I’m not working in the theatre anymore, but I haven’t lost the office supply bug. If you open the drawers of the desk, you will find that I hoard office supplies just like a seasoned veteran, with a supply of crappy pens near the front to hand out when people ask for a loan so I won’t be sad when I never get them back, the really good stuff buried under what looks like a full ream of shockingly pink paper, because no one wants to handle such a thing, let alone delve underneath it to see what delicious secrets might lie just out of reach. Every bag I own has a layer of pens in the bottom and every couple of loads of laundry something bursts open and splatters blue or black ink, despite my best efforts to check for pens first.
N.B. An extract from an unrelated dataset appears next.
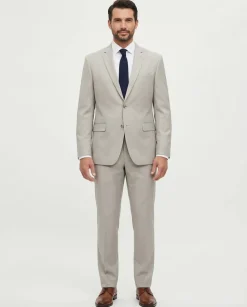 Raphael Solid Beige Notch Lapel Classic Fit Two Button Suit
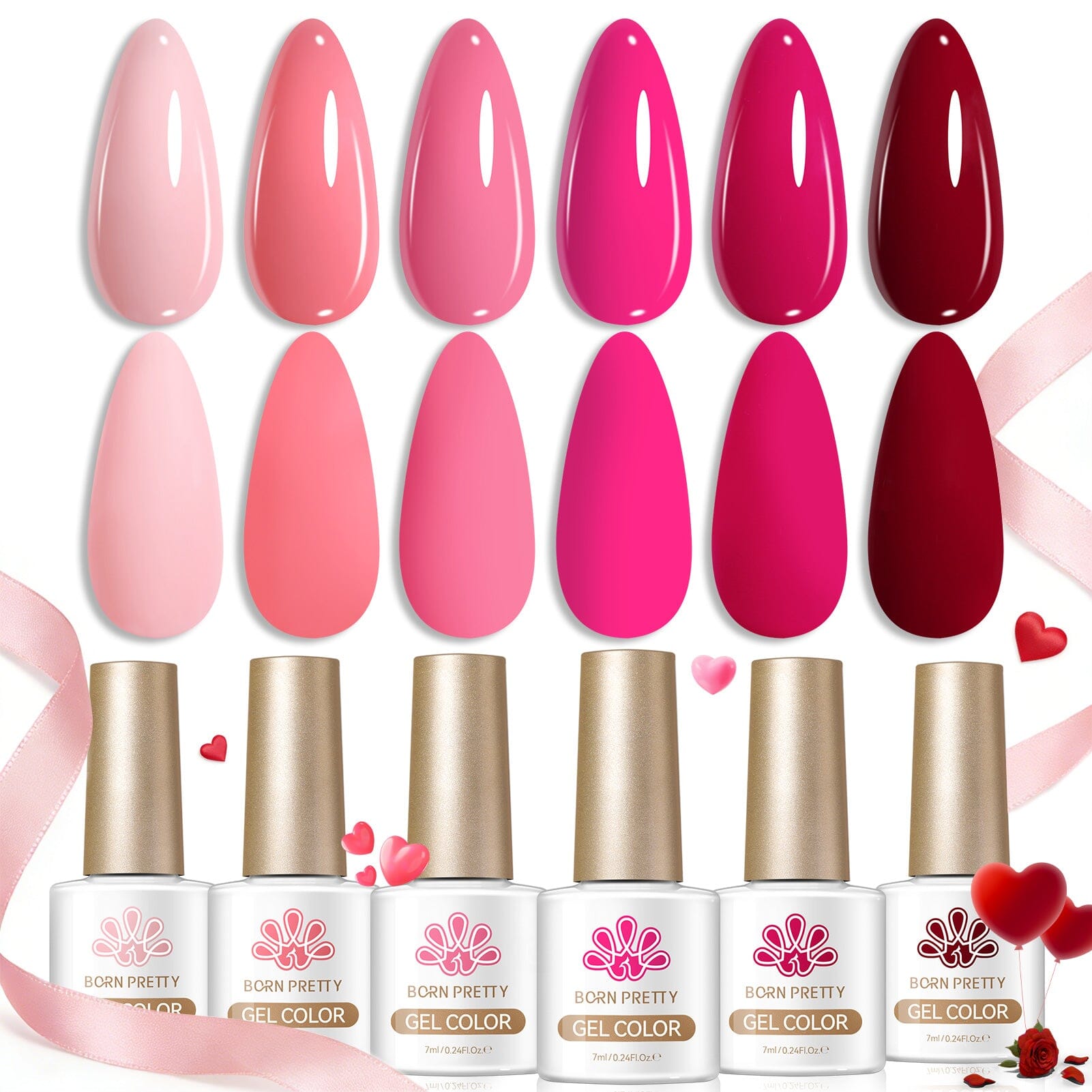 6 Bottles Color Gel Polish Set 7ml Gel Nail Polish BORN PRETTY S47 Y2K Neon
And I still colour code, oh, how I love colour coding, in all its neatness and righteous order. There’s something very squared away and satisfying about a fully colour-coded whatever it is, from my accounting ledger to my personal calendar. Some people might say I go overboard when they see the rainbow splayed out across the page, but that’s because they don’t know the language, the hidden notes I am leaving for myself in varicoloured ink and the secret messages I am embedding in what are seemingly simple notes. I can say mean things about people right in front of them and they don’t even know it because they don’t know the colour code.
I always say, never trust a person who carries a crappy pen. There’s something deeply suspect about a person who can pick up any old pen and use it at will even if it makes that unpleasant little squeaking sound or dribbles out ink like an incontinent schnauzer, smearing ugliness across the written page and rendering perfectly clear notes impossible to discern through the inky haze. Never trust a person who writes with a pencil, I always say, because pencils are suspect and impermanent and, besides, I have yet to find a pencil that doesn’t make that irritating scratchy scrapy noise that feels like fingernails on a chalkboard to me. Just thinking about it to express it in text makes me feel a little woozy, you know?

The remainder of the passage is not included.